I have just fixed a problem with index size estimates.  Try adding
#include <math.h> to the top of backend/optimizer/util/plancat.c.  That
may fix the estimated number of tuples returned.  However, it don't
think you are going to get better performance, since you are already
using the index in the above case.  The only big win I can think of is
to use CLUSTER on that field.  That should speed things up quite a bit.


--
  Bruce Momjian                        |  http://www.op.net/~candle
  maillist@candle.pha.pa.us            |  (610) 853-3000
  +  If your life is a hard drive,     |  830 Blythe Avenue
  +  Christ can be your backup.        |  Drexel Hill, Pennsylvania 19026

Re: [GENERAL] Problems with inequalities on numeric fields in 6.5

От
Martin Weinberg
Дата:
Bruce Momjian wrote on Wed, 07 Jul 1999 12:29:13 EDT
>> Thanks, Bruce!
>>
>> Yes, I tried the latter query and it's the same:
>>
>> --------------------------------------------------
>>
>> lmc=> explain select count(*) from lmctot where j_m>3.4::float4 and j_m<3.5:
>:float4;
>> NOTICE:  QUERY PLAN:
>>
>> Aggregate  (cost=62349.97 rows=788100 width=4)
>>   ->  Index Scan using j on lmctot  (cost=62349.97 rows=788100 width=4)
>>
>> EXPLAIN
>>
>> --------------------------------------------------
>> I've tried all permutations of the conversions in the ranges with
>> similar results (and vacuum analyzed several times as well as
>> dumped and reloaded and reloaded from scracth).  We have
>> a larger database with 20M rows which has a similar behavior.
>>
>> There are 7092894 rows in database "lmc".  So:
>>
>> (3.5-3.4)/(99.999-2.731) = 7292.1 != 788k
>>
>> A clue?
>
>I have just fixed a problem with index size estimates.  Try adding
>#include <math.h> to the top of backend/optimizer/util/plancat.c.  That
>may fix the estimated number of tuples returned.  However, it don't
>think you are going to get better performance, since you are already
>using the index in the above case.  The only big win I can think of is
>to use CLUSTER on that field.  That should speed things up quite a bit.
>

Hi Bruce,

Ok.  Sorry about the delay.

I added the math.h but that doesn't seem to change the
query plan output.

I then dropped all the indices, made a new one on three of the
variables and clustered:

create index m_col on lmctot using btree (j_m, h_m, k_m);
cluster m_col on lmctot;
vacuum analyze;

where the j_m, h_m, k_m are three float4 fields.

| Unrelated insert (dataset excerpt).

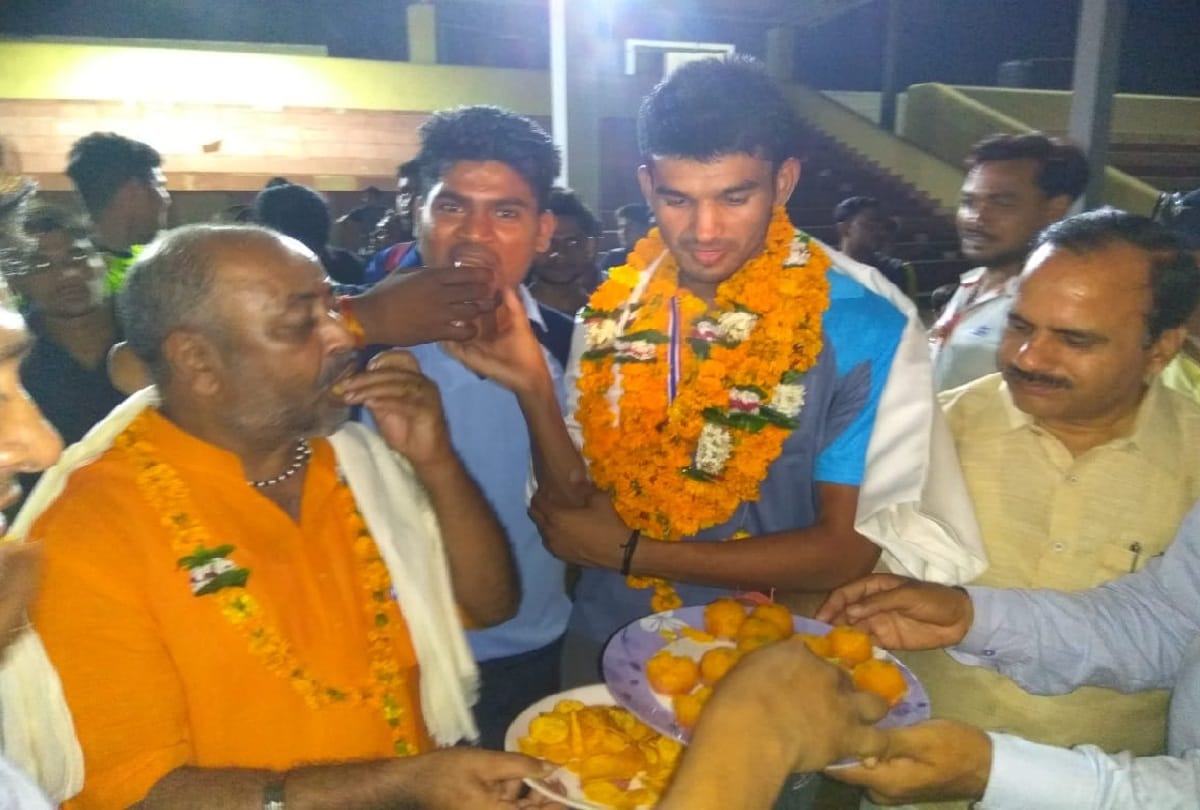 palendra, from village camthal to bankok and some memorable pics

The cluster took about 18 hours on my 7.1 million records
(this is a dual 450Mhz Xeon Linux box).  Not sure why
this was so slow.

Anyway, this *hugely* improved queries of form:

select count(*) from lmctot where j_m>3.4::float4 and j_m<3.5:

although the explain query plan output is identical.  However
using h_m or k_m (not the first variable in the index) appears
to be doing a sequential scan.  Is that right?

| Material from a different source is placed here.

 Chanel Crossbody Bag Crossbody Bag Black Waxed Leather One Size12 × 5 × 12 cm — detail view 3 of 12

I then made indices on h_m and k_m, vacuum analyzed and tried
again, but got identical performance.  If this is the way
it is, so be it, but I have the feeling that something is
not working properly.

Any ideas?

Again, with _heaps_ of thanks,

--Martin


===========================================================================

Martin Weinberg                      Phone: (413) 545-3821
Dept. of Physics and Astronomy       FAX:   (413) 545-2117/0648
530 Graduate Research Tower
University of Massachusetts
Amherst, MA  01003-4525


Re: [GENERAL] Problems with inequalities on numeric fields in 6.5

От
Bruce Momjian
Дата:
> Hi Bruce,
>
> Ok.  Sorry about the delay.
>
> I added the math.h but that doesn't seem to change the
> query plan output.
>
> I then dropped all the indices, made a new one on three of the
> variables and clustered:
>
> create index m_col on lmctot using btree (j_m, h_m, k_m);
> cluster m_col on lmctot;
> vacuum analyze;
>
> where the j_m, h_m, k_m are three float4 fields.
>
> The cluster took about 18 hours on my 7.1 million records
> (this is a dual 450Mhz Xeon Linux box).  Not sure why
> this was so slow.

That is a long time.

> Anyway, this *hugely* improved queries of form:
>
> select count(*) from lmctot where j_m>3.4::float4 and j_m<3.5:
>
> although the explain query plan output is identical.  However
> using h_m or k_m (not the first variable in the index) appears
> to be doing a sequential scan.  Is that right?

Yes, that is right.  The index is only on the one field, and can only
use secondary index variables after the first one is matched.

>
> I then made indices on h_m and k_m, vacuum analyzed and tried
> again, but got identical performance.  If this is the way
> it is, so be it, but I have the feeling that something is
> not working properly.

The big problem is that you can only cluster on one index.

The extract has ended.